The Schmitt family said GPS technology helped them track the areas they excavated underwater to find $1 million in gold and other artifacts off the Florida coast. They're reaping the reward now, but they said it took long days, hard work and determination to make their discovery, reports CBS News correspondent Vladimir Duthiers.
"It's definitely a passion. You gotta want to do this," Booty Salvage diver Eric Schmitt said.
For his team, treasure hunting is the family business, and business is good.
"There are good times and there are bad times and this is definitely one of our good times," Schmitt said.
Their crew works in shallow waters off the coast of Fort Pierce, Florida, where 11 Spanish ships sank on July 31, 1715.
"Mostly what we find is garbage on a daily basis -- beer cans and lead sinkers and bullets," Schmitt said.
But for the past two summers, the Schmitts have made big discoveries from the fleet. And in June, they hit "pay dirt." Their team scooped up nearly 60 gold artifacts, including one Tricentennial Royal coin minted in 1715, the year of the wreck.

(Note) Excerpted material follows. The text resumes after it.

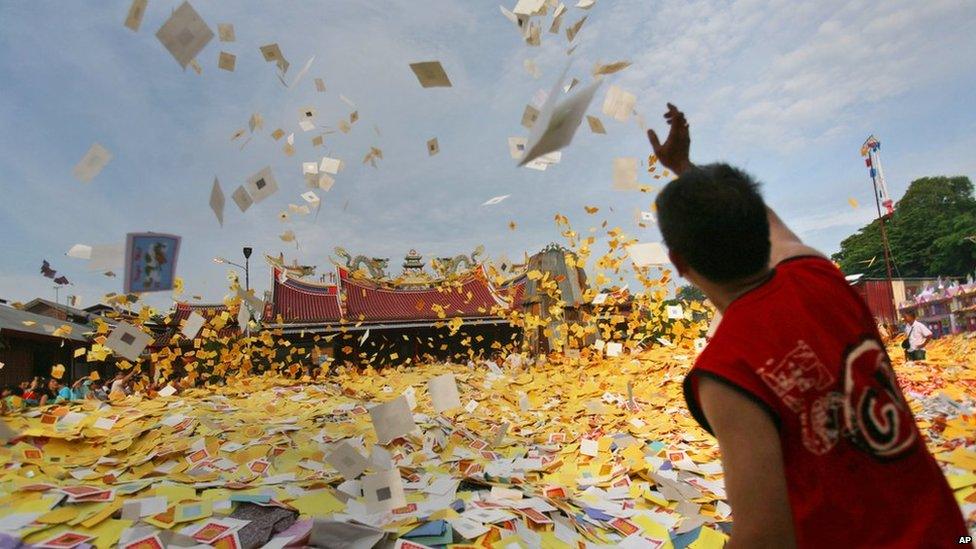 An ethnic-Chinese Indonesian man throws "hell money" prepared as offerings for his ancestors" souls into the air during the "hungry ghost" festival in Medan, North Sumatra, Indonesia, on Sunday, 10 August 2014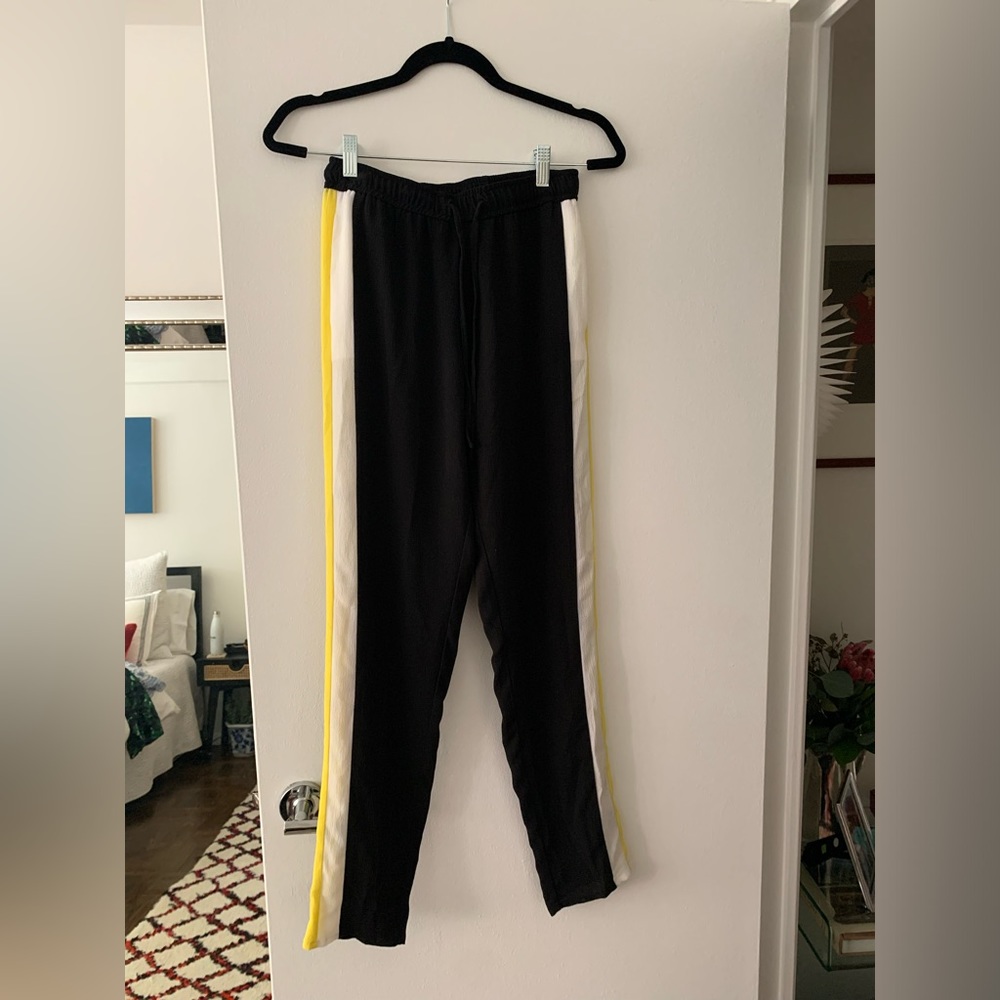 Black, white, and yellow trousers from blugirl - Bluemarine. Made in Italy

The rare currency is valued at $500,000.
"Those are things you dream of finding a royal coin, finding a presentation piece. And there are people who have been doing this for 40 or 50 years who have never found one," Schmitt said.
How do they do it?
On board, Schmitt launches what's called a "prop wash deflector."
Large aluminum tubes are placed over the boat's propellers in order to direct the thrust of the engines toward the sea bottom.
The crew focuses on an area 1,000 feet offshore.
The deflector is lowered into 10 to 15 feet of water, clearing away 5 to 10 feet of sand, layer by layer, to reveal what's underneath. "Things are untouched. You find things the way they were 300 years ago when they went down," Schmitt said.
While combing the bottom of the Atlantic, Schmitt brushed away the sand, to find gold at his fingertips.
"The more we do this, the bigger the finds we make, so I kind of less believe in luck and more believe in our hard work," Schmitt said.
If you're thinking treasure hunting and a million-dollar haul sounds lucrative, there is some red tape. The State of Florida gets 20 percent of the profits off the top. Then the Schmitt family, as a subcontractor, splits the bounty 50-50 with Queens Jewels, LLC, the company that owns the rights to the wreckage.